The au pair and I have been fairly diligent about not letting her pull her hair. As with ear-scratching, it is a combination of repetitive activity and a sign of frustration or pain and she is most likely to do it when she is tired. It is fairly easy to disrupt because along with learning to pull her own hair, Lil Z has also recently learned to hold your hand – and finds holding hands very calming. So, as long as you hold her hand, she’ll desist from pulling her hair. Of course, this isn’t particularly conducive to achieving anything else, but at least it works.
However, it is a different matter at school, where she is more often frustrated, and not quite as closely monitored at home. A few times the au pair or I have been horrified to find her pushchair covered in hair that she’d managed to pull out during the school day.
Recently, the hair pulling seems to have become worse.
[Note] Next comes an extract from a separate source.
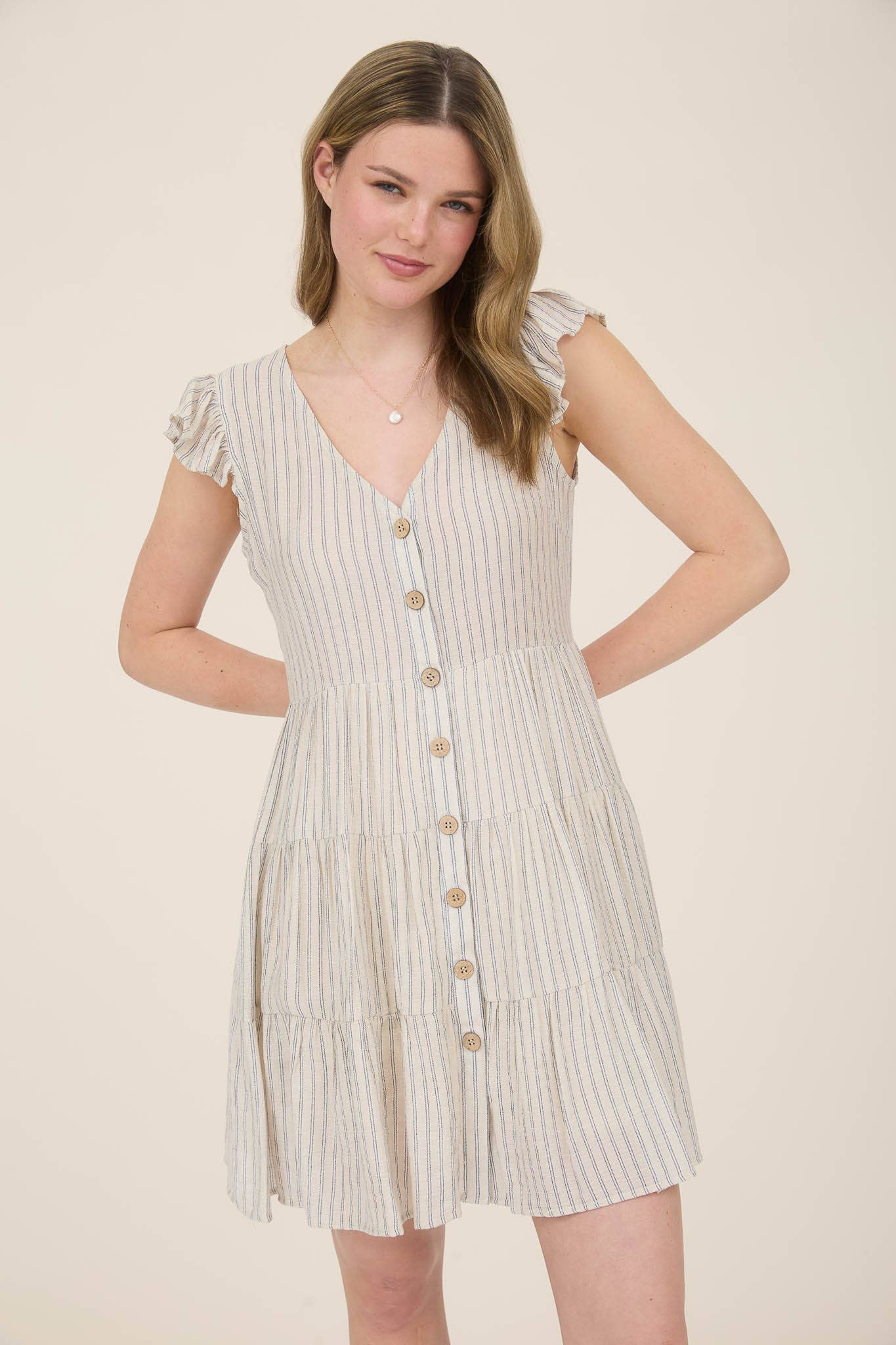 Stripe V Neck Button Down Dress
She’s had a few bad days where she’s pulling at her hair almost constantly. And she does it at night in bed – leaving me to find tufts of hair covering her sheets the next morning. As a result, she’s got a bald spot in the back of her head – where she’s managed to pull out nearly all her hair. Soon, she’ll look like a little old man from behind, with a fringe of hair around the base of her head, and then nothing.
Strangely, especially since the ear scratching often involved her drawing blood, I find the hair pulling more distressing. I think I’d hoped she had outgrown it – because at the end of the day, she’s hurting herself (whether its sensory seeking behaviour or repetitive activity or stubbornness – it doesn’t really matter) and that in itself is upsetting. There is also no worse feeling that going to get her up in the morning and finding her bed full of hair – which she was silently pulling out while I slept. If that doesn’t make you feel like a bad parent, nothing will…
It is also distressing because it has to do with her appearance. I’m conscious that she already stands out as different, and the bald spots just make her more different. As Vegemite summed it up: “its embarrassing to have a sister who is bald”.
But worst of all, it’s that she is pulling out her hair that I love so much. It makes me laugh and reminds me that despite everything else, she’s still part of the family. So, the fact that she is pulling it out – even if it’s not intentional – is heartbreaking. Her hair is part of her personality and I don’t want her to lose it.
Hair pulling is pretty common amongst girls with Rett Syndrome (see this for a great blog post about hair and Rett Syndrome). So, I turned to some mothers of girls with Rett Syndrome for advice. The advice was pretty conclusive: her hair needs to be cut short enough that she won’t be able to grab it. If her hair is kept too short to grab for a while, it will break the cycle. No doubt she’ll find some other way to express her unhappiness, but at least it won’t leave us choking in a cloud of hair.
So, it is goodbye to the “palm tree” ponytails, the two tiny buns that look like little horns, the messy buns and cute ribbons that fall out almost as soon as you put them in.